Model penunjukan gubernur yang ia ajukan menantang ortodoksi politik elektoral. Bukan anti-demokrasi, melainkan re-desain akuntabilitas: potong biaya politik, perjelas garis komando, fokus ke hasil.
Di titik ini, menarik melihat cermin dari literatur politik Islam—khususnya karya Syaikh Taqiyuddin An-Nabhani.
Kaca Mata Islam: Sentral Legislatif, Eksekusi Dekat Rakyat
Dalam Nizham al-Hukm fi al-Islam, An-Nabhani menegaskan prinsip:
Hukum terpusat untuk mencegah fragmentasi kekuasaan, eksekusi terdesentralisasi agar pelayanan dekat rakyat[^4].
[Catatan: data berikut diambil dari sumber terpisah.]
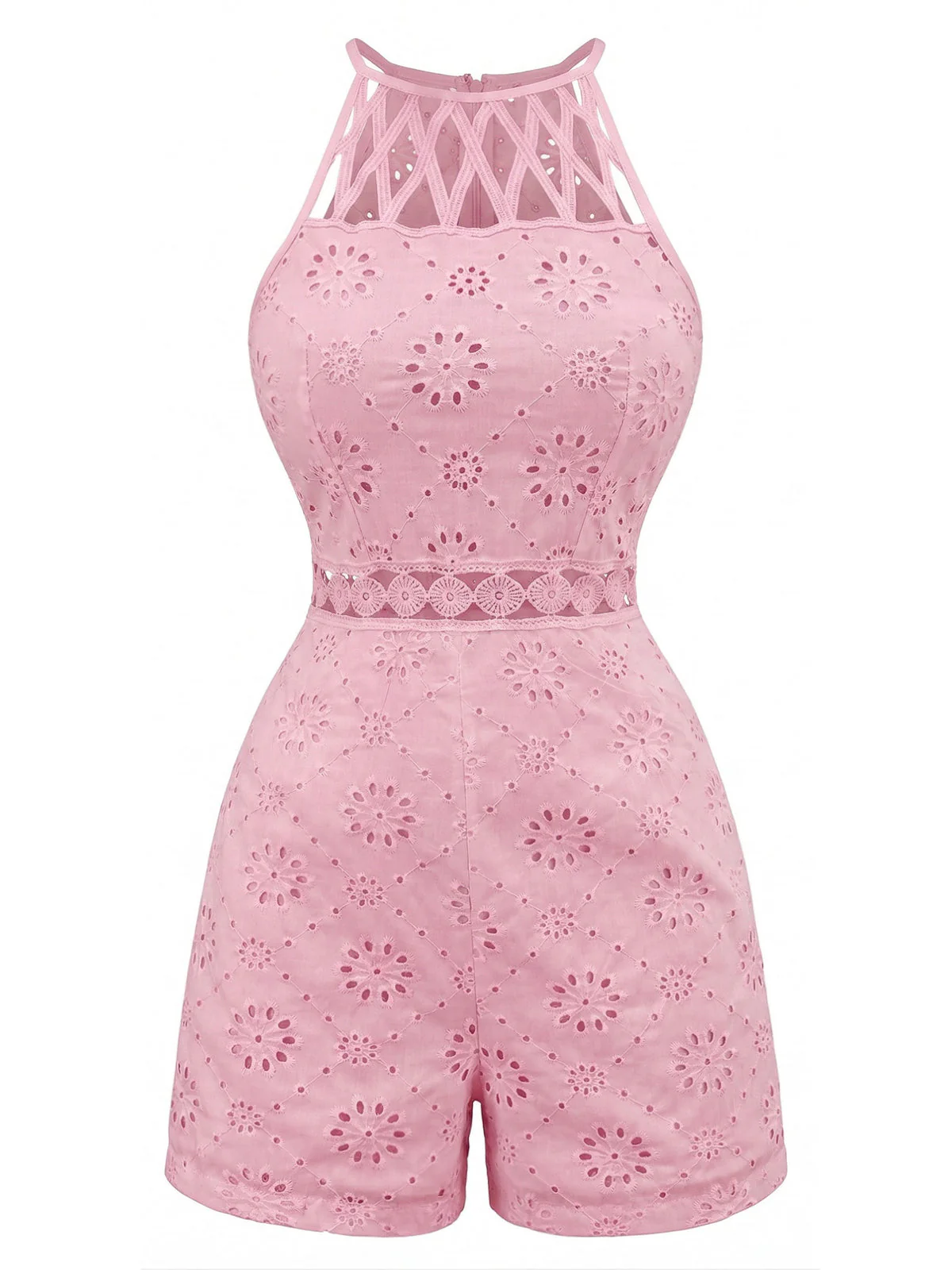 Combishort fleurs encolure ronde et dos nu nouer années 70 - Image 2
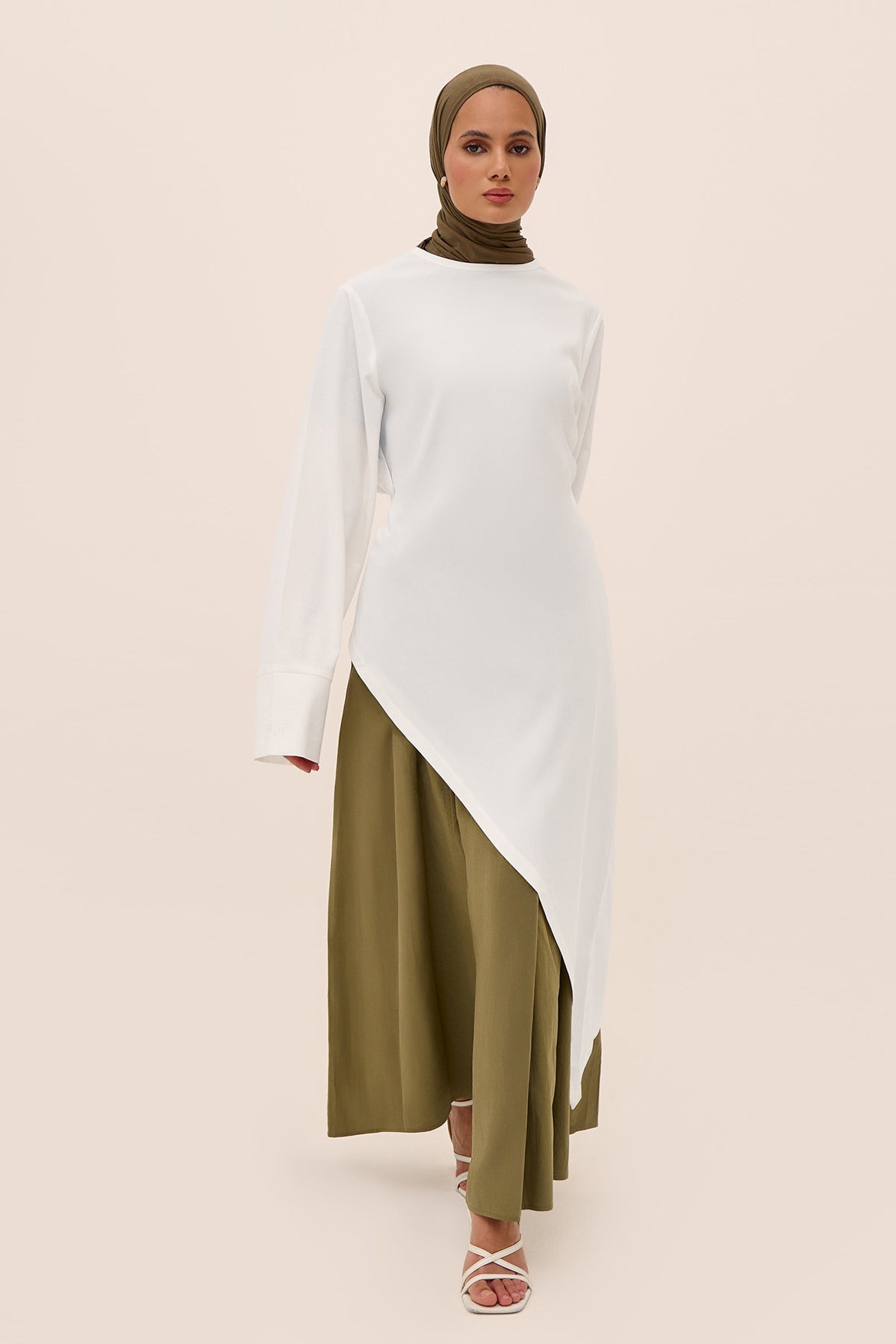 Irene Elastic Waist Casual Maxi Skirt-Green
Khalifah menetapkan kebijakan umum; wali/amir daerah ditunjuk dan dapat dicopot cepat jika gagal menjalankan amanah[^5]. Struktur ini bukan semata hierarki administratif, tetapi jaring aman akuntabilitas: pejabat tidak berlindung di balik legitimasi elektoral, melainkan amanah syar’i. Ini sejalan dengan tesis Cak Isa: jabatan publik bukan soal popularitas, tetapi kapasitas melayani.
Dua institusi kunci memperkuat clean and clear government
Hisbah: pengawas pasar dan pelayanan[^6],
Madzalim: pengadilan pejabat, termasuk kepala negara[^7].
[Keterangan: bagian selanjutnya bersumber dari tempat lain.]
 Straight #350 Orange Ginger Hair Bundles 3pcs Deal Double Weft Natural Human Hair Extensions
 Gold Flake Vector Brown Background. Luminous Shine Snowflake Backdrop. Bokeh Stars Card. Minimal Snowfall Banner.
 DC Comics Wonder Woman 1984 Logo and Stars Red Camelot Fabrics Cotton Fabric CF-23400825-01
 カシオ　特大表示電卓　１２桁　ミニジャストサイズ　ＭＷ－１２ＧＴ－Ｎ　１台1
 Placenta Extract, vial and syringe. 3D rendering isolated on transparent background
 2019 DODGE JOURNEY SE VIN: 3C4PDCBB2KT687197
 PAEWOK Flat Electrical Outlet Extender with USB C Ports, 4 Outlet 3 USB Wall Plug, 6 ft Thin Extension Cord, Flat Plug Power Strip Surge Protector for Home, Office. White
Fungsi keduanya mirip ombudsman + KPK + Mahkamah negara, namun berbasis amanah moral-hukum, bukan sekadar prosedur legal. Dalam Muqaddimah ad-Dustur, An-Nabhani juga menekankan agar birokrasi ringkas dan bebas tumpang-tindih[^8]—pararel dengan kritik Cak Isa atas provinsi yang kini serba ingin, tetapi sering serba gamang.
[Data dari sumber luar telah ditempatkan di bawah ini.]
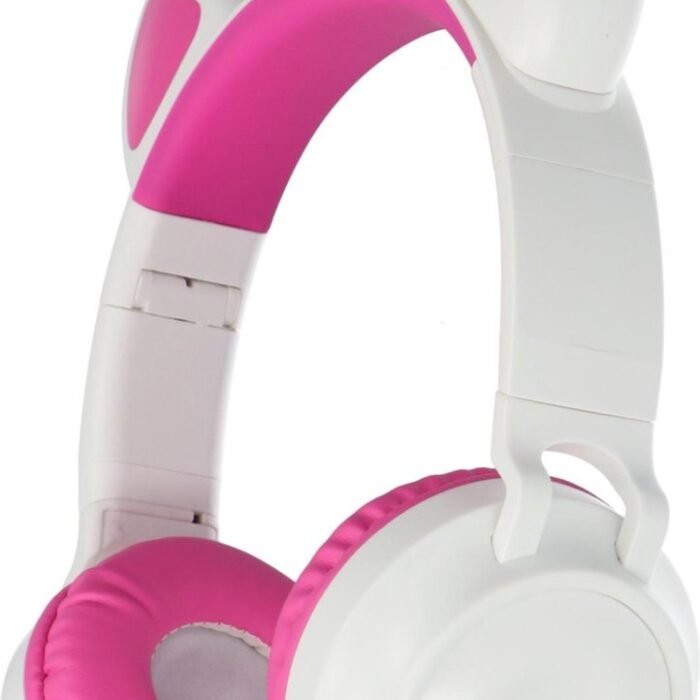 Kinder hoofdtelefoon - koptelefoon Bluetooth met led kattenoortjes miauw - wit-roze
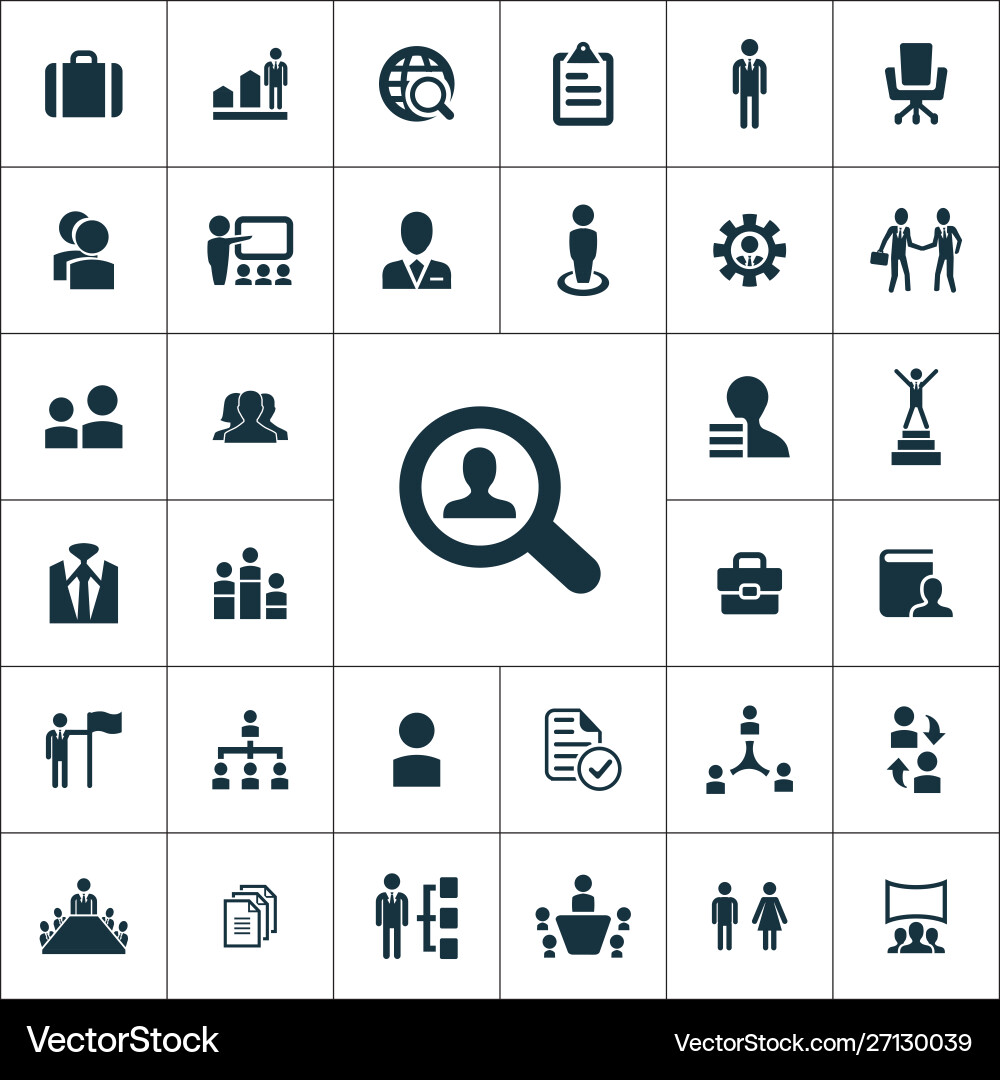 Human resources icons universal set for web and ui Vector Image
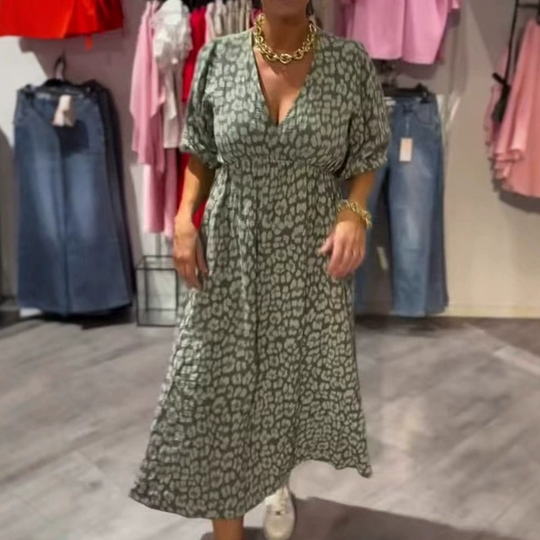 🎨 Women's V-Neck Printed Dress – Brushstrokes of Summer🌺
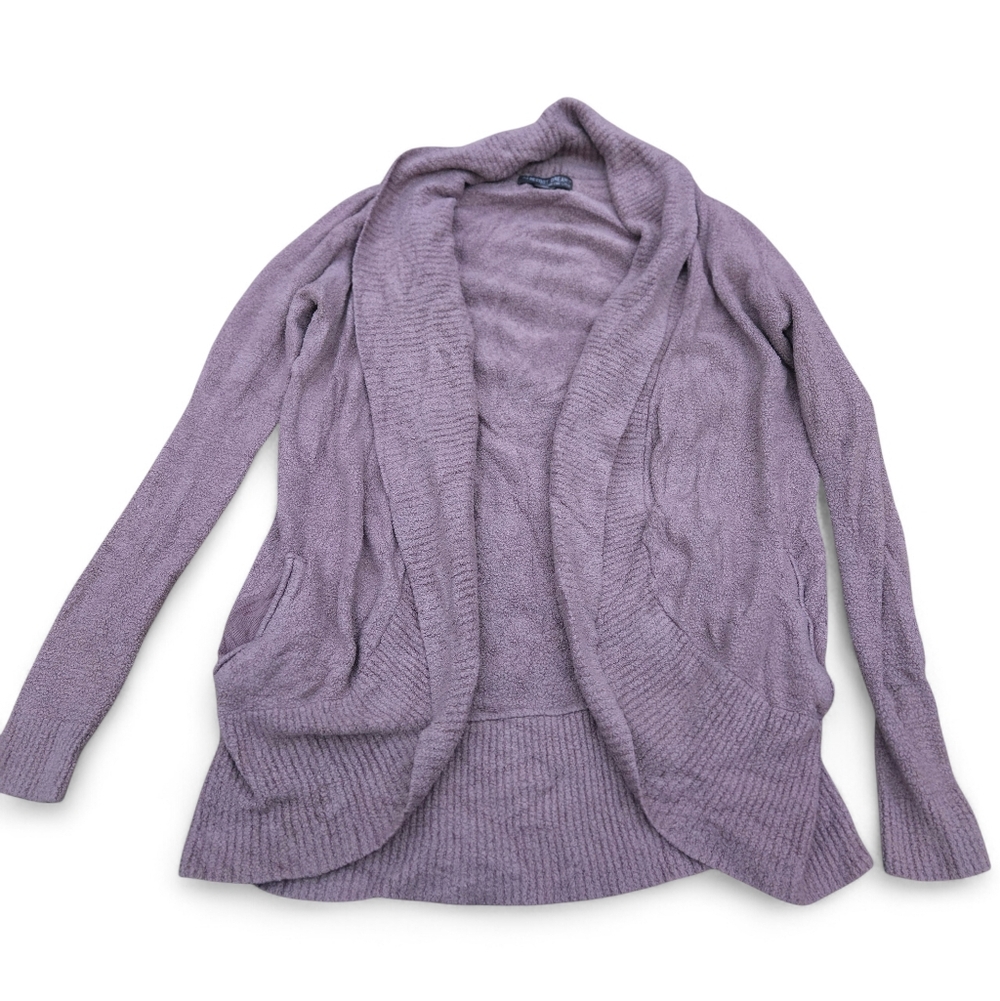 Barefoot Dreams LIKE NEW cardigan Cozy Soft Sweater Sable Xs Small Gray Purple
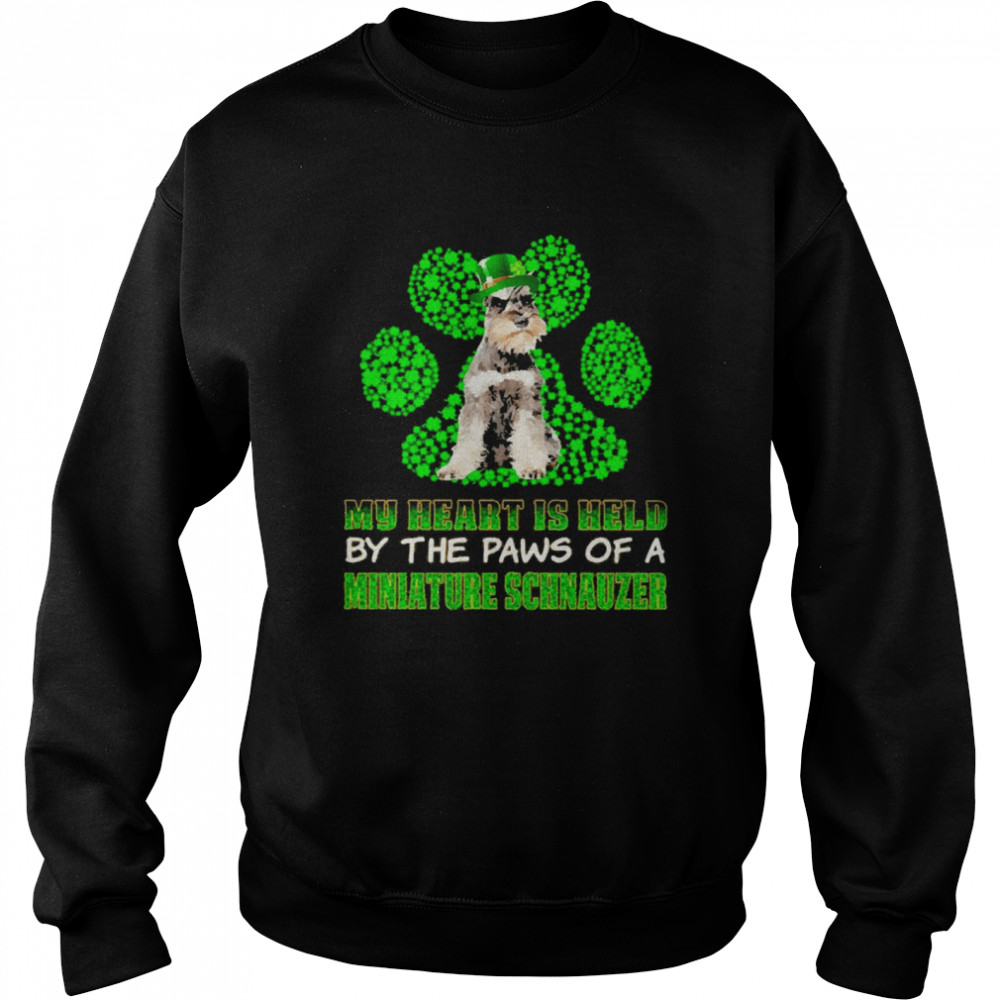 St Patrick’s Day My Heart Is Held By The Paws Of A Grey Miniature Schnauzer  Unisex Sweatshirt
Menegaskan Garis Pelayanan
Apa yang ditawarkan Cak Isa dan ditunjukkan literatur politik Islam bertemu di titik yang sama:
Kekuasaan harus kembali pada tujuan dasar: ri‘ayah syu’un al-ummah (mengurus urusan rakyat), bukan perebutan sumber daya.
Provinsi harus menjadi equalizer dan integrator, bukan ruang kontestasi politik.
Kepala daerah harus diukur dari mutu layanan, bukan jumlah baliho atau koalisi.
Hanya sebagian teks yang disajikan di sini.